Congress substituted the 1969 Advisory Committee Preliminary Draft of subdivision (g) for the version proposed by Advisory Committee and prescribed by the Supreme Court.

1969 Preliminary Draft Advisory Committee’s Note

Subdivision (g). Criminal cases are treated somewhat differently in the rule. While matters falling within the common fund of information supposed to be possessed by jurors need not be proved, State v. Dunn, 221 Mo. 530, 120 S.W. 1179 (1909), these are not, properly speaking, adjudicative facts but an aspect of legal reasoning. The considerations which underlie the general rule that a verdict cannot be directed against the accused in a criminal case seem to foreclose the judge’s directing the jury on the basis of judicial notice to accept as conclusive any adjudicative facts in the case. State v. Main, 91 R.I. 338, 180 A.2d 814 (1962); State v. Lawrence, 120 Utah 323, 234 P.2d 600 (1951). Cf. People v. Mayes, 113 Cal. 618, 45 P. 860 (1896); Ross v. United States, 374 F.2d 97 (8th Cir. 1967). However, this view presents no obstacle to the judge’s advising the jury as to a matter judicially noticed, if he instructs them that it need not be taken as conclusive.

 

Report of House Committee on the Judiciary

Subdivision (g). Rule 201(g) as received from the Supreme Court provided that when judicial notice of a fact is taken, the court shall instruct the jury to accept that fact as established.
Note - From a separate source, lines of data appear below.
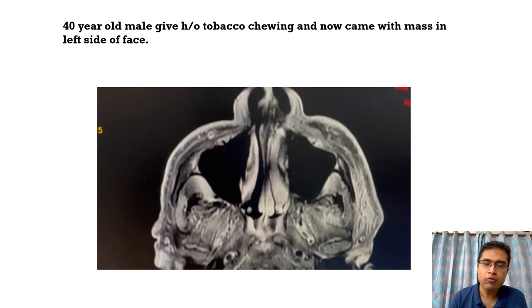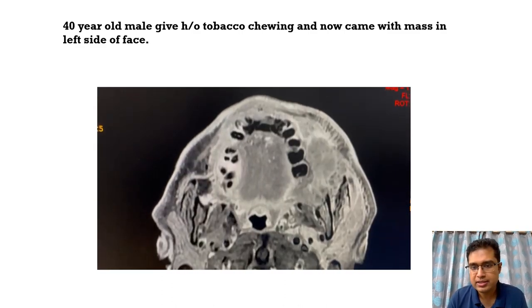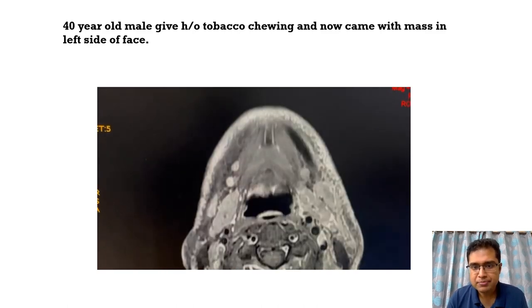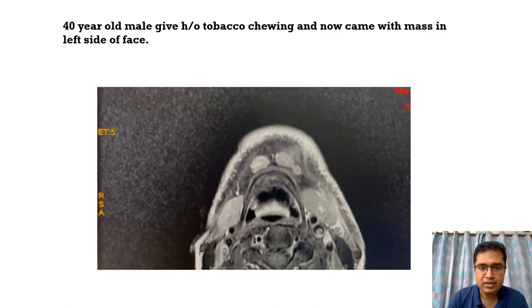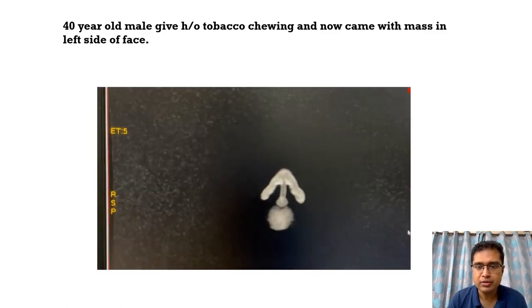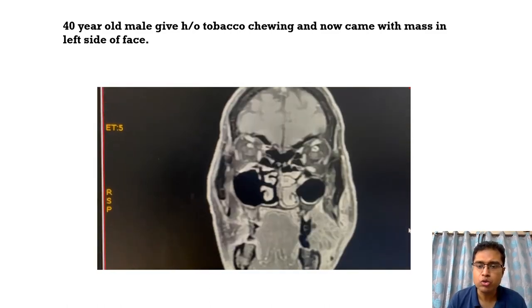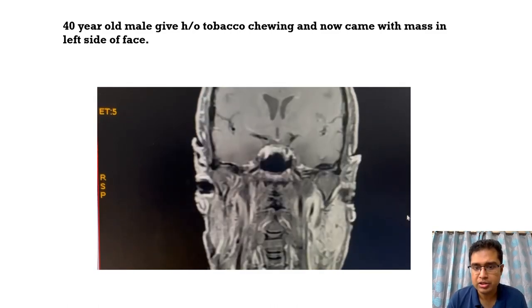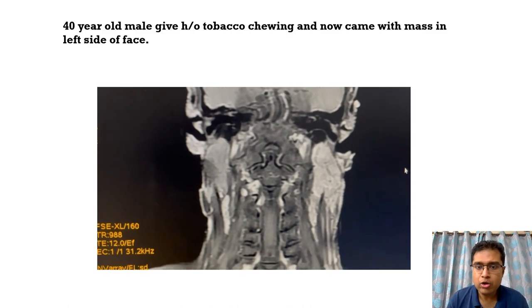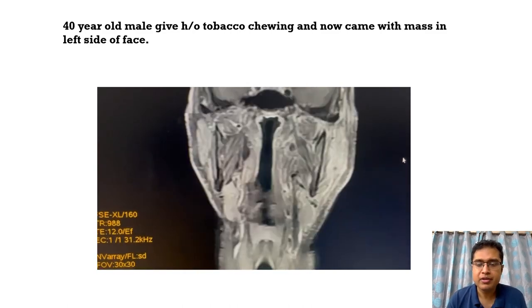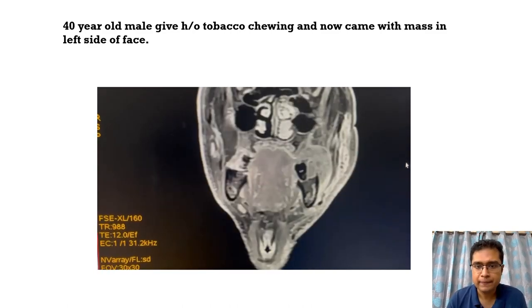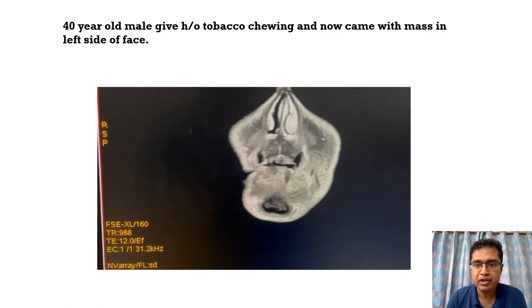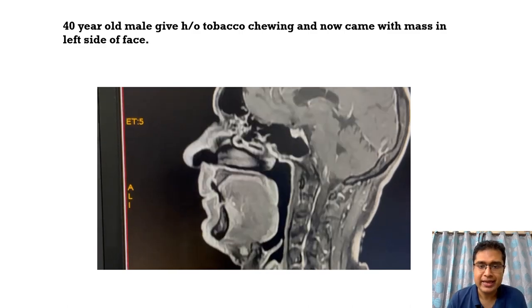The mass definitely involves the gingivobuccal sulcus, but the epicenter is in the retromolar trigone. The masticator space is also involved, and there are some nodes in the submental region. On the T1 post-contrast coronal images, we can see this heterogeneously enhancing mass region, and the craniocaudal extent is very well determined — extending up to the inferior wall of the left maxillary sinus.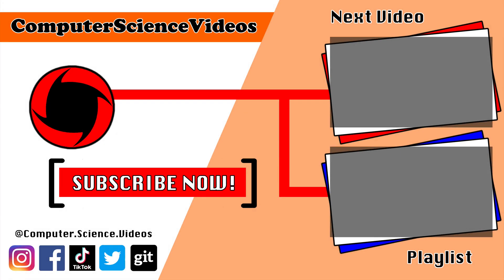Thank you for making it to the end of the video. Be sure to subscribe to my channel, Computer Science Videos. Be sure to check out the previous video on screen now, or you can click on the playlist and watch the entire journey for Computer Science Videos from the start until now. Bye-bye.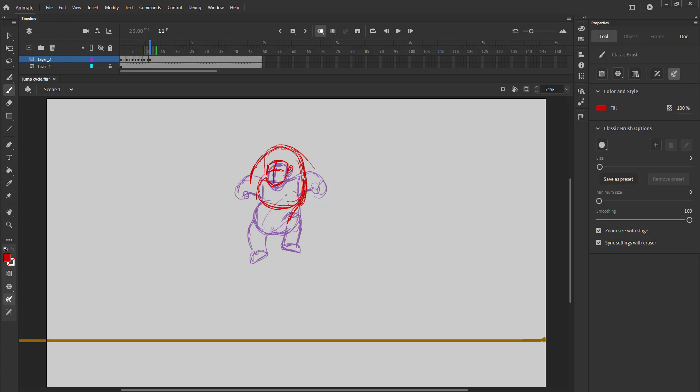When he reaches the highest point of the jump, the character will slow down, which means there will be more drawings and the drawings will be close to each other.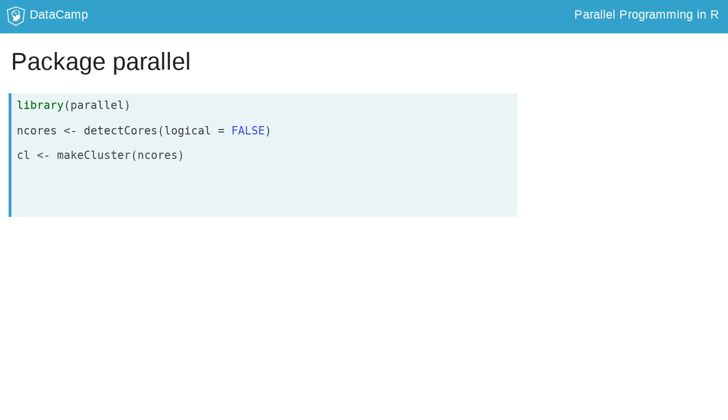The function makeCluster creates a cluster of nodes or a cluster of workers. Here we created as many workers as we have physical cores. The current R session serves as the master process while each worker is a separate R process.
Being of the view that mandatory instruction to a jury in a criminal case to accept as conclusive any fact judicially noticed is inappropriate because contrary to the spirit of the sixth amendment right to a jury trial, the committee adopted the 1969 Advisory Committee draft of this subsection, allowing a mandatory instruction in civil actions and proceedings and a discretionary instruction in criminal cases.